## DATA RECORDS
================================

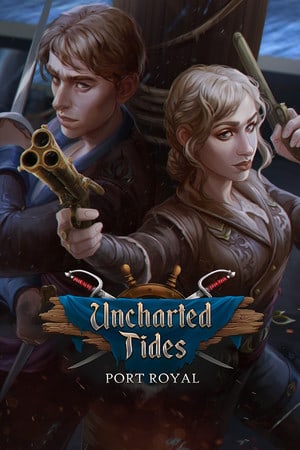 神秘潮汐：皇家港[Uncharted Tides: Port Royal] 游戏封面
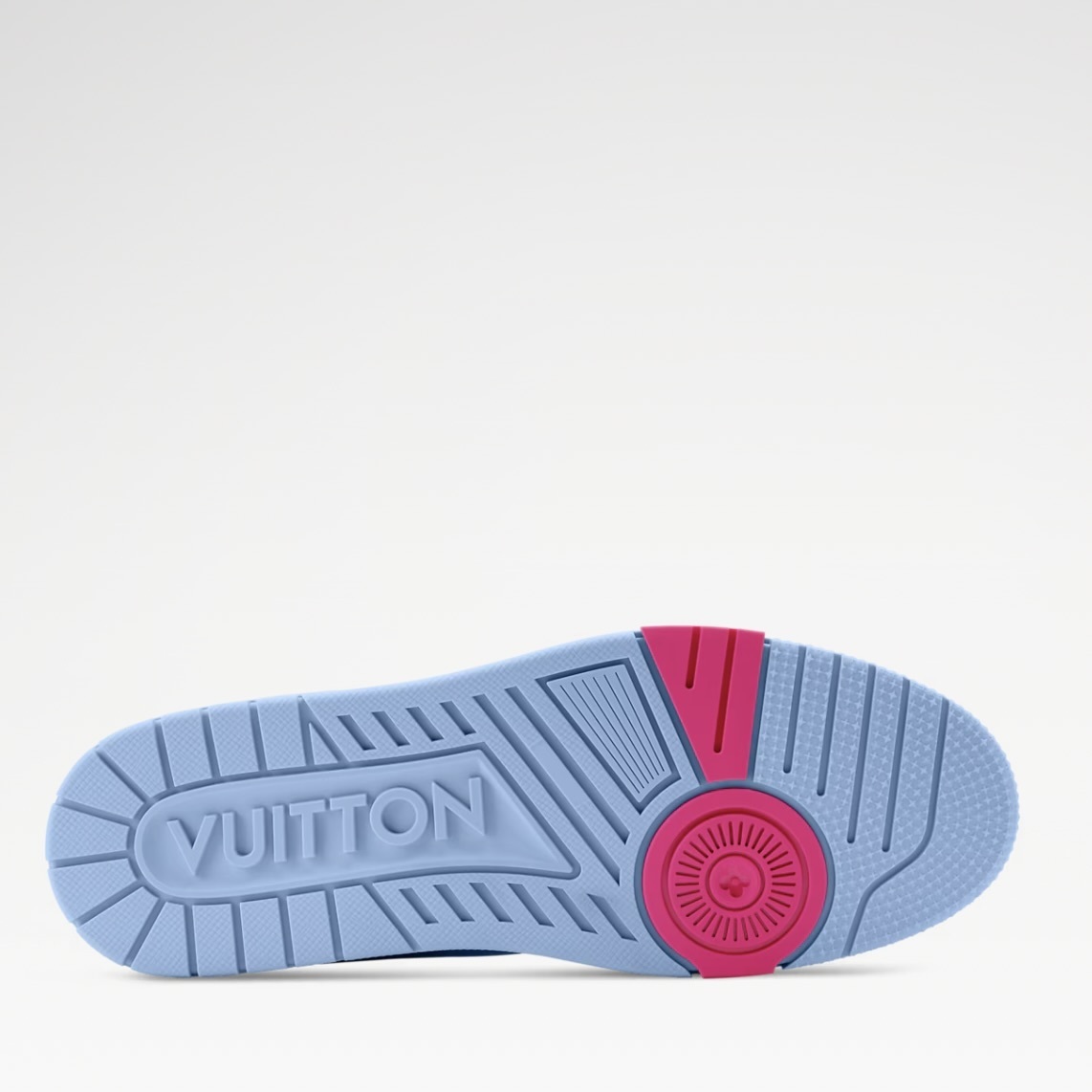 【 Louis Vuitton 】LV トレイナー スニーカー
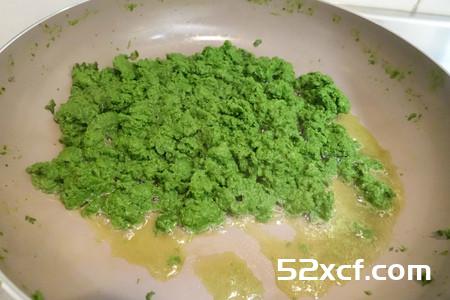 香菇翡翠吻仔鱼粥的做法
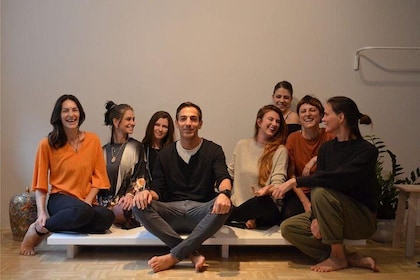 Small-Group Yoga Class in Belgrade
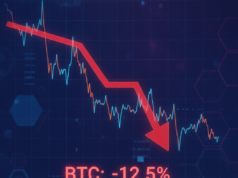 Bitcoin klesá, inflácia v USA neprekvapila. ETF fondy zaznamenali prvý dvojdňový odliv v auguste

================================

An exact copy of the lines from the one with "Small-Group Yoga Class in Belgrade" through the end of the entries above, both included, is the whole answer. It contains no pictures.

## YOUR RESPONSE
 Small-Group Yoga Class in Belgrade
 Bitcoin klesá, inflácia v USA neprekvapila. ETF fondy zaznamenali prvý dvojdňový odliv v auguste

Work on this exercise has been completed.